The following are seven essential tips for being a landlord and they are especially useful for brand new landlords:
- Do Your Homework
Rental markets can vary widely from state to state and even from neighborhood to neighborhood. New landlords should learn as much as they can about their chosen rental market to find out average rents as well as laws and common policies for the area.
- Use a State-Specific Standardized Lease
Every state is different in terms of what rules and policies landlords are allowed to enforce. A state-specific lease template can provide a framework for a boilerplate lease used with all tenants. It can be customized to reflect specific policies, but should be well-researched and standardized for all tenants.
- Be Savvy in Your Marketing
There are a range of free ways to advertise properties for rent and for new landlords to connect with new tenants online. Craigslist.com, Postlets.com and social media are just a few. Once tenants give notice, start advertising and showing the property right away to help ensure units never sit vacant for very long.
- Be Friendly but Professional
Treat all applicants and tenants with respect and kindness, but be sure to always maintain a spirit of professionalism. New landlords should understand that getting too personal with tenants could open the door to sliding standards and lost income, so be sure to set appropriate professional boundaries with all renters.
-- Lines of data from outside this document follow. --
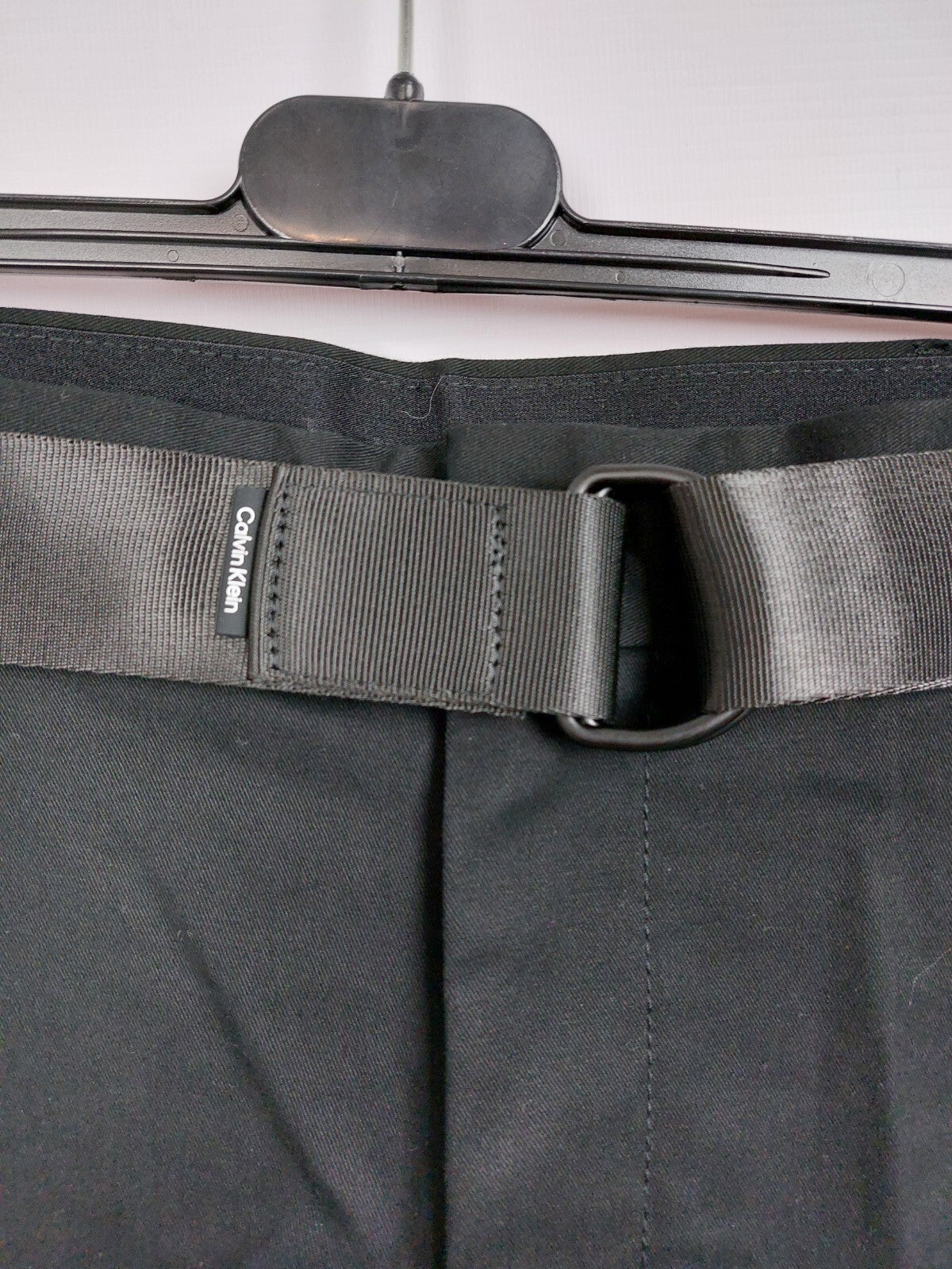 EK3930 Herren Shorts von Calvin Klein, schwarz, Gr. W48 XXXXL3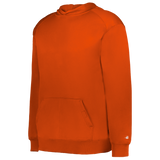 Perf. Fleece Youth Hood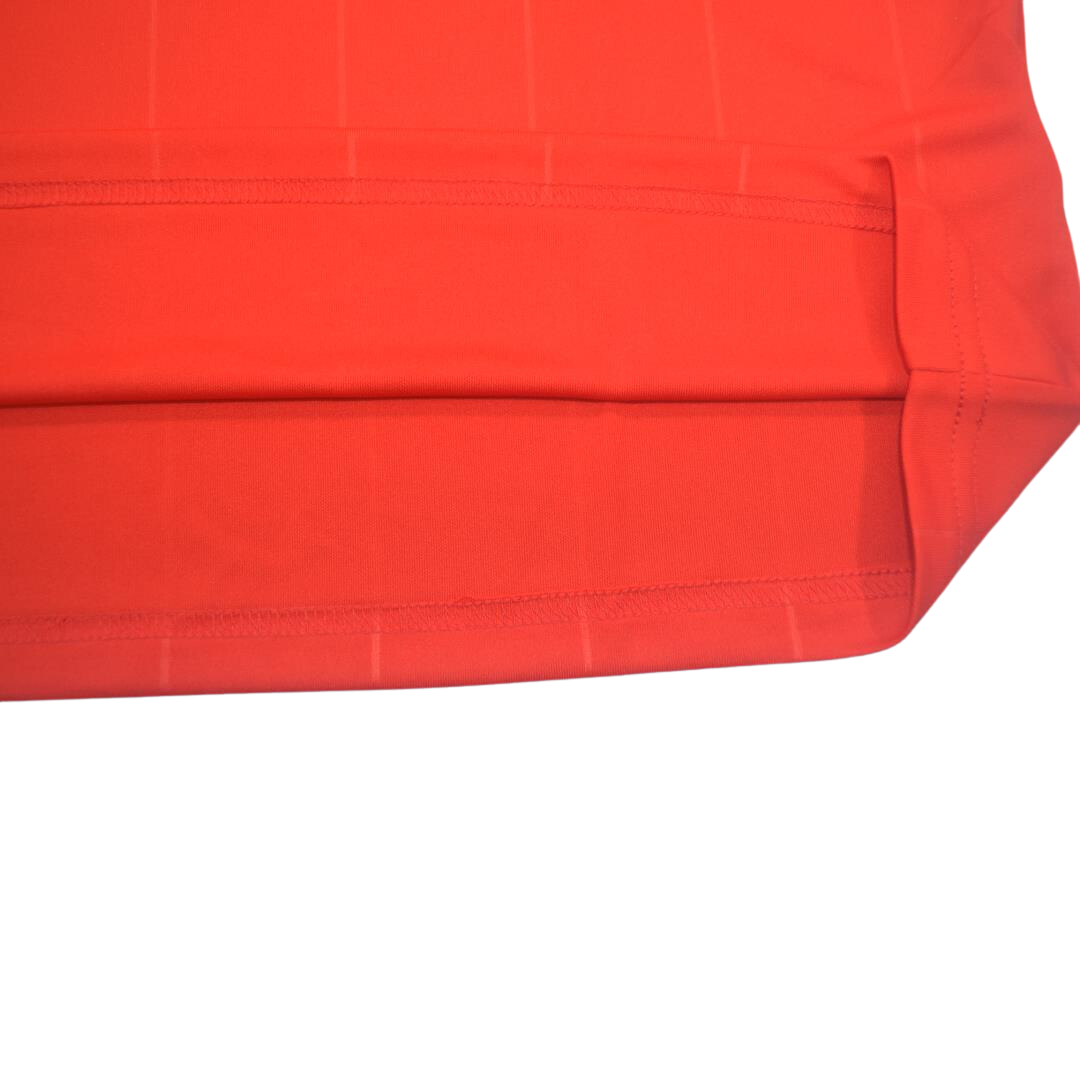 Camisa Manchester United Home 82/84 - Versão Retrô "Robson" Nº 7 - Imagem 9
- Set Rules and Enforce Them
Once policies have been established, they should be maintained and enforced. For example, if a fee is charged for late rent, this policy should be enforced consistently. If it isn’t, the rental due date may not be taken seriously by all tenants.
- Keep Organized Records
A file should be kept on each tenant containing their signed lease and all pertinent information. If any incidents occur related to damaged property or missed rental payments, all aspects of the issue should be well documented for a possible court case down the road.
- Screen and Verify
Just because an applicant puts it on an application, that doesn’t mean it’s true. All information provided should be double-checked and verified. Professional tenant screening should be used to check for credit problems, eviction history and a criminal record.
Being a landlord can be rewarding, but novice landlords often face a big learning curve. New landlords can use these seven tips to help increase their odds of success.